╔══

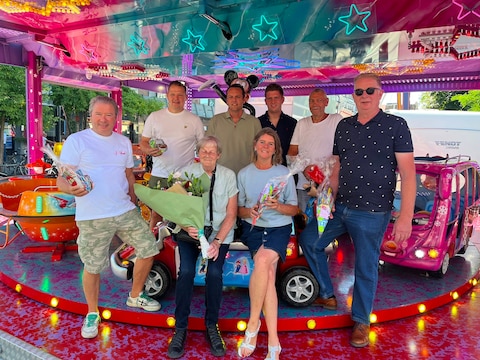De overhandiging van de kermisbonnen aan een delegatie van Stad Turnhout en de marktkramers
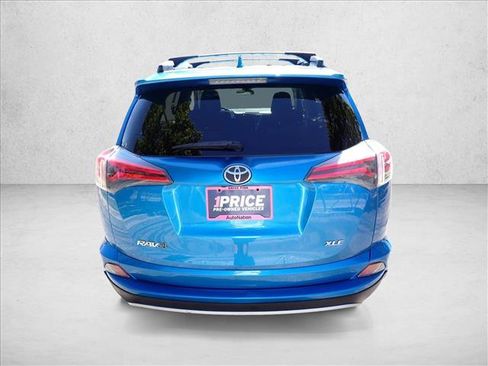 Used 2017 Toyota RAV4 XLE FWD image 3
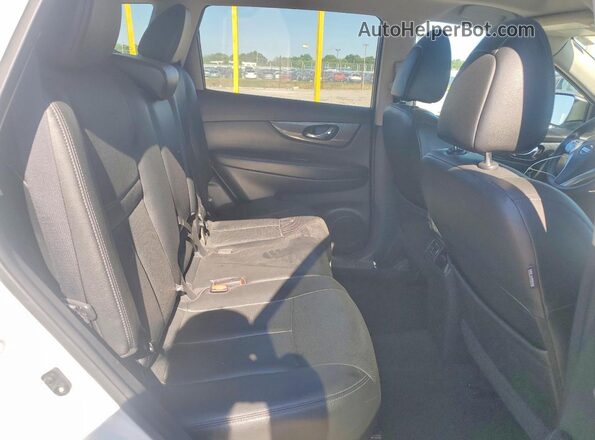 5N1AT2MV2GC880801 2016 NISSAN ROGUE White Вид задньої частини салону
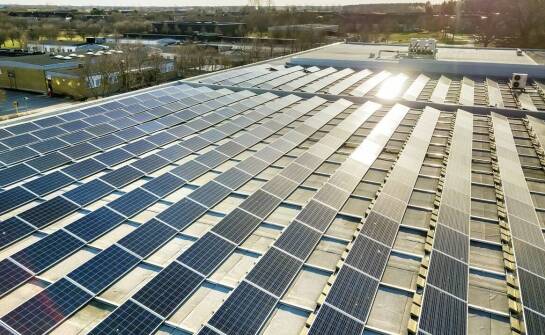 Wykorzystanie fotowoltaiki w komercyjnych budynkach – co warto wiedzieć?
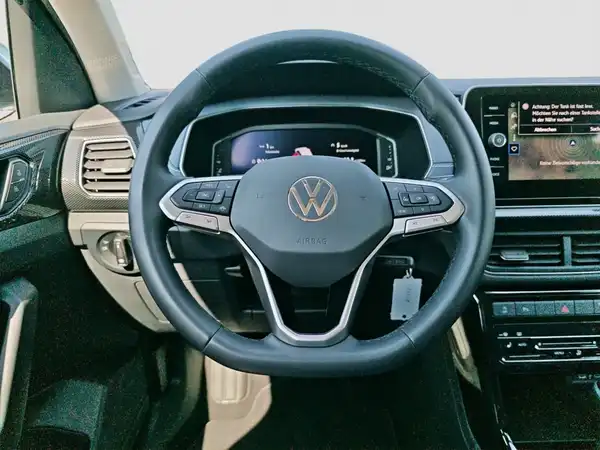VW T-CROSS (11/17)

╚══
╔══

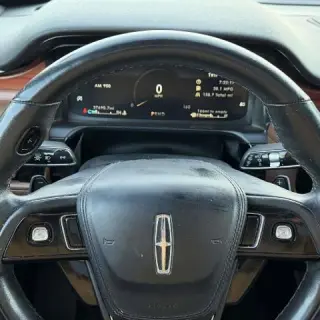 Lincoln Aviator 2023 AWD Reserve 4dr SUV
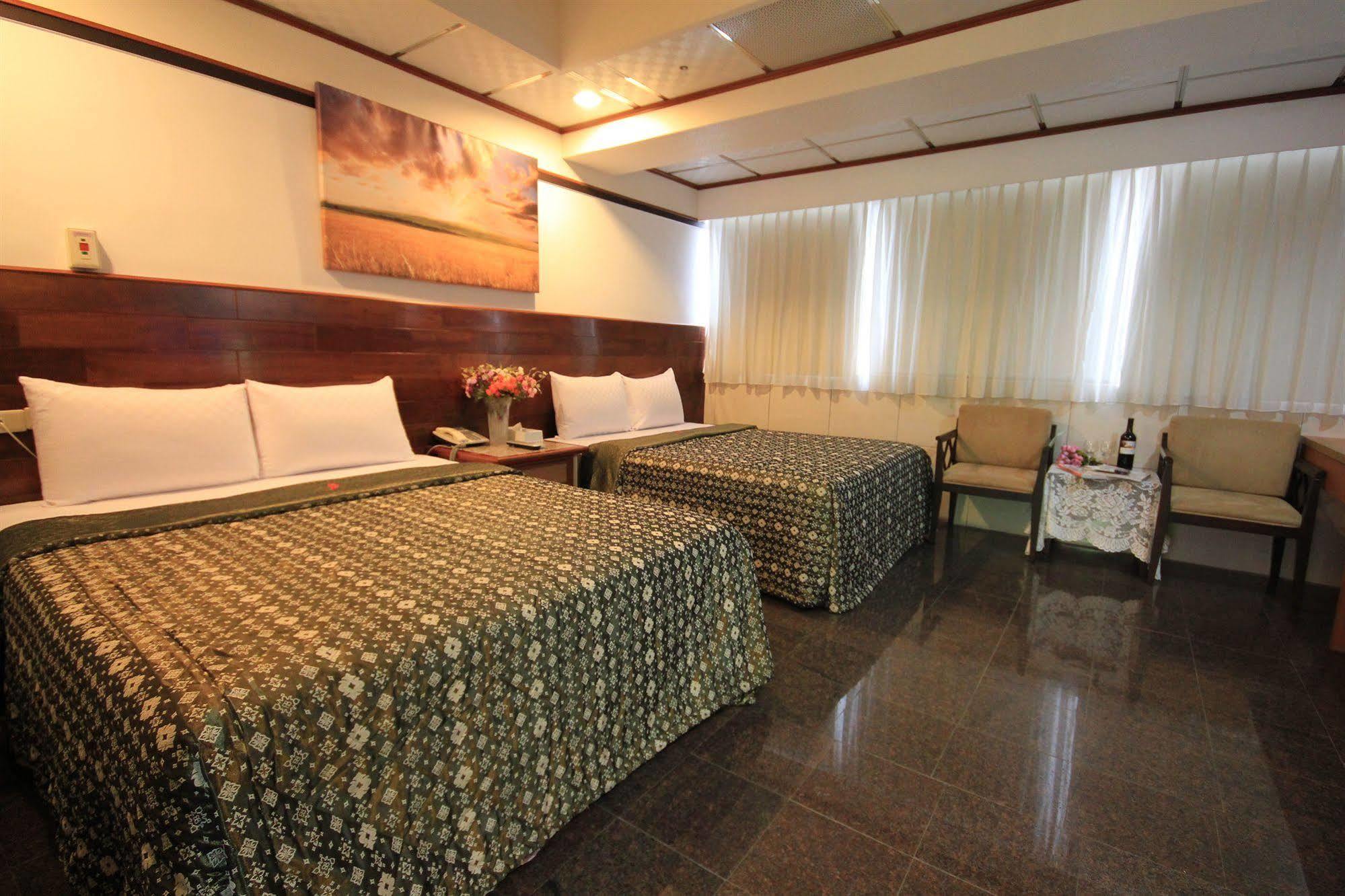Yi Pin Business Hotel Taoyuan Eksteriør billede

╚══
╔══

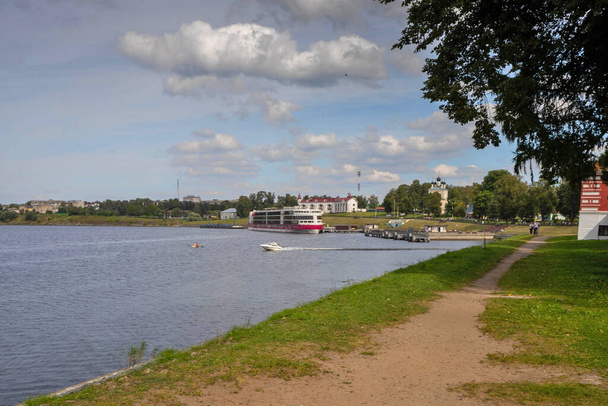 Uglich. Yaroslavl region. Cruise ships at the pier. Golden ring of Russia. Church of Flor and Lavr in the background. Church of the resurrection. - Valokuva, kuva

╚══

▸ **INSTRUCTIONS TO FOLLOW**
Output should consist of the lines above from the one with "De overhandiging van" down to the one with "VW T-CROSS (11/17)", exact and without pictures.

▸ **SOLUTION BELOW**
De overhandiging van de kermisbonnen aan een delegatie van Stad Turnhout en de marktkramers
 Used 2017 Toyota RAV4 XLE FWD image 3
 5N1AT2MV2GC880801 2016 NISSAN ROGUE White Вид задньої частини салону
 Wykorzystanie fotowoltaiki w komercyjnych budynkach – co warto wiedzieć?
VW T-CROSS (11/17)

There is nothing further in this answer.